MATERIAL SHOWN Start Marker

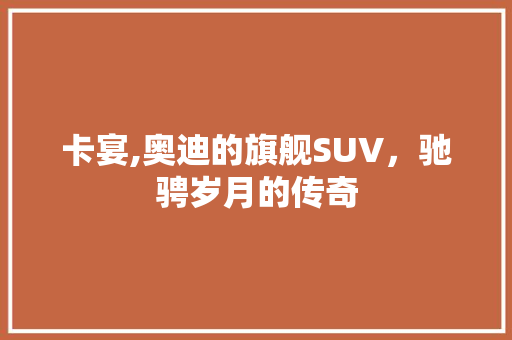 卡宴,奥迪的旗舰SUV，驰骋岁月的传奇 蓄电池配件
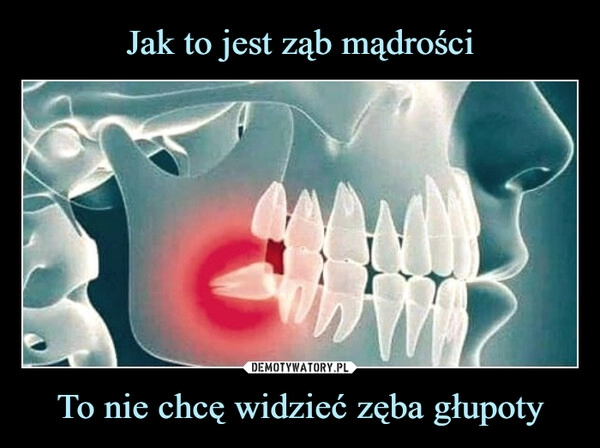 
    Jak to jest ząb mądrości To nie chcę widzieć zęba głupoty 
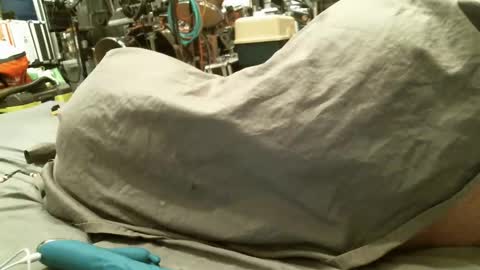 fignutz online show from January 28, 12:32 pm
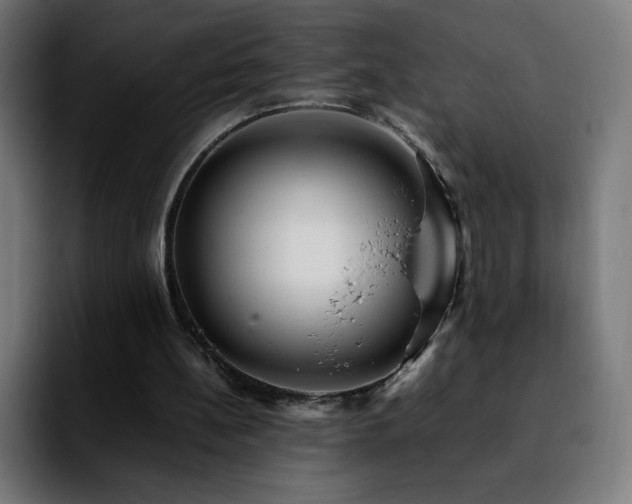 X0000092210148200709210956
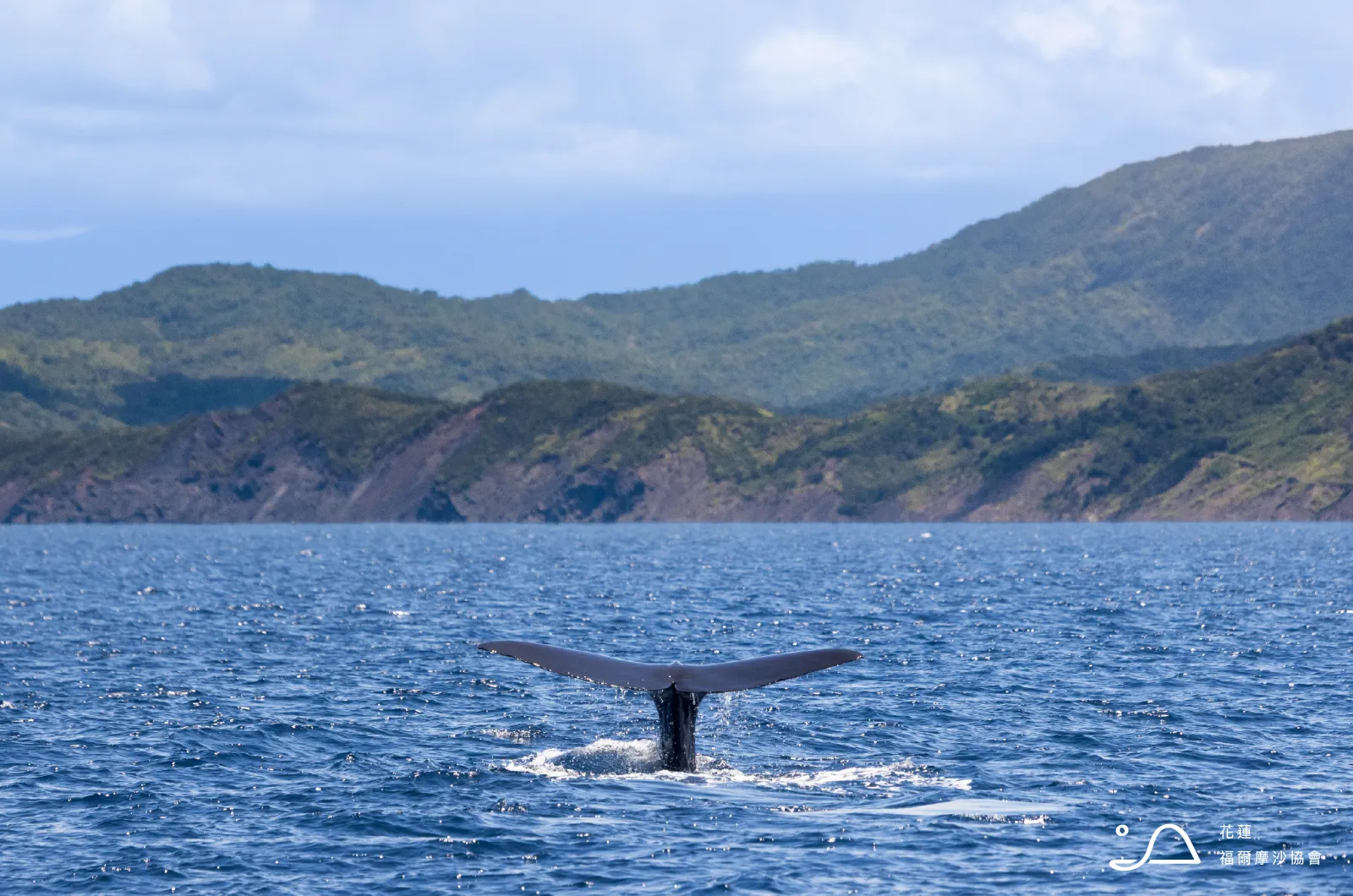 花蓮縣福爾摩沙協會_抹香鯨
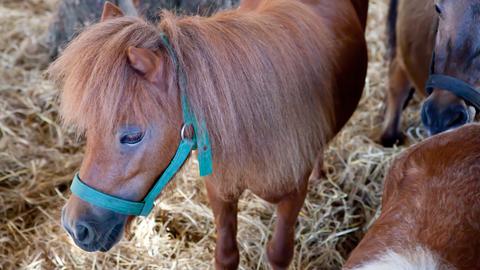 Minipferd im Stall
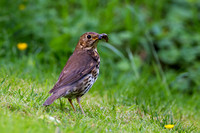 Song Thrush, Worcestershire
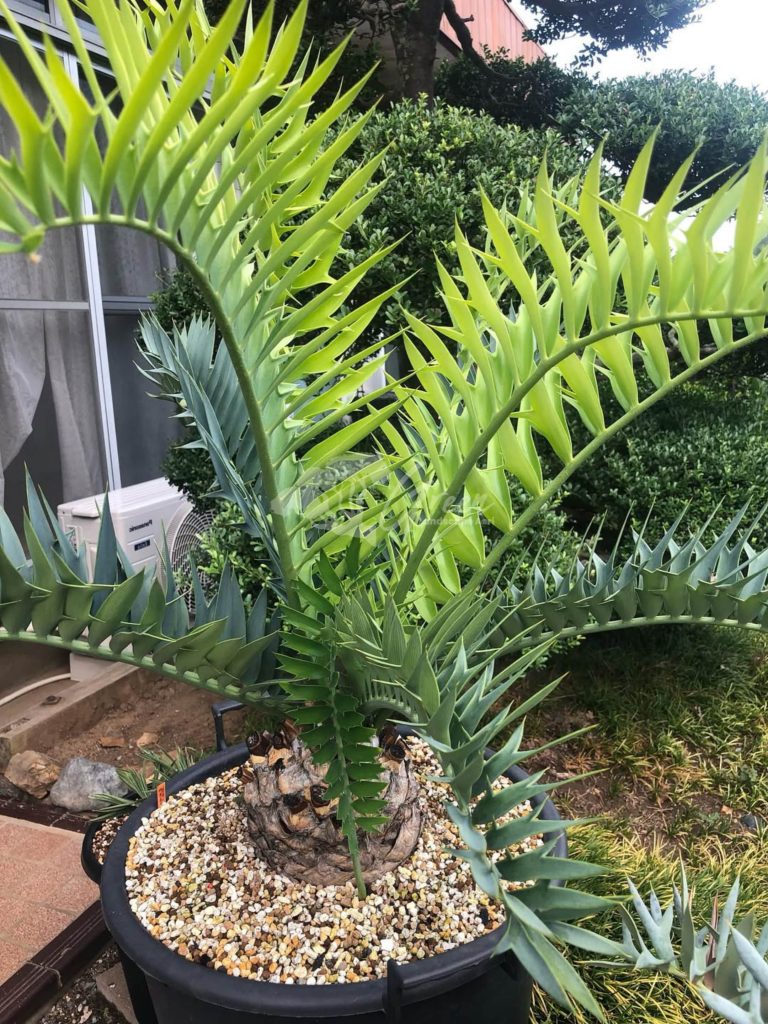 Jual Encephalartos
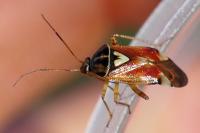 Lygus pratensis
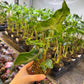 Alocasia teletubbies S NEW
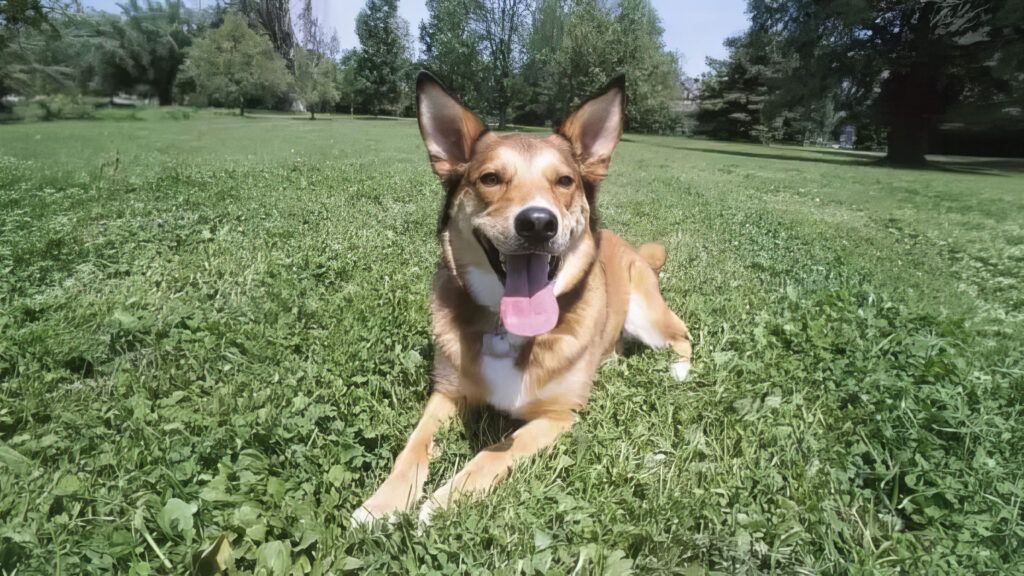 Dog Friendly Landscaping in San Antonio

MATERIAL SHOWN End Marker

## ACTIVITY:
Reproduce the final stretch of lines exactly: the line containing "X0000092210148200709210956" through the last line of the data, both included. Pictures do not belong in the copy.

## SOLUTION:
 X0000092210148200709210956
 花蓮縣福爾摩沙協會_抹香鯨
 Minipferd im Stall
 Song Thrush, Worcestershire
 Jual Encephalartos
 Lygus pratensis
 Alocasia teletubbies S NEW
 Dog Friendly Landscaping in San Antonio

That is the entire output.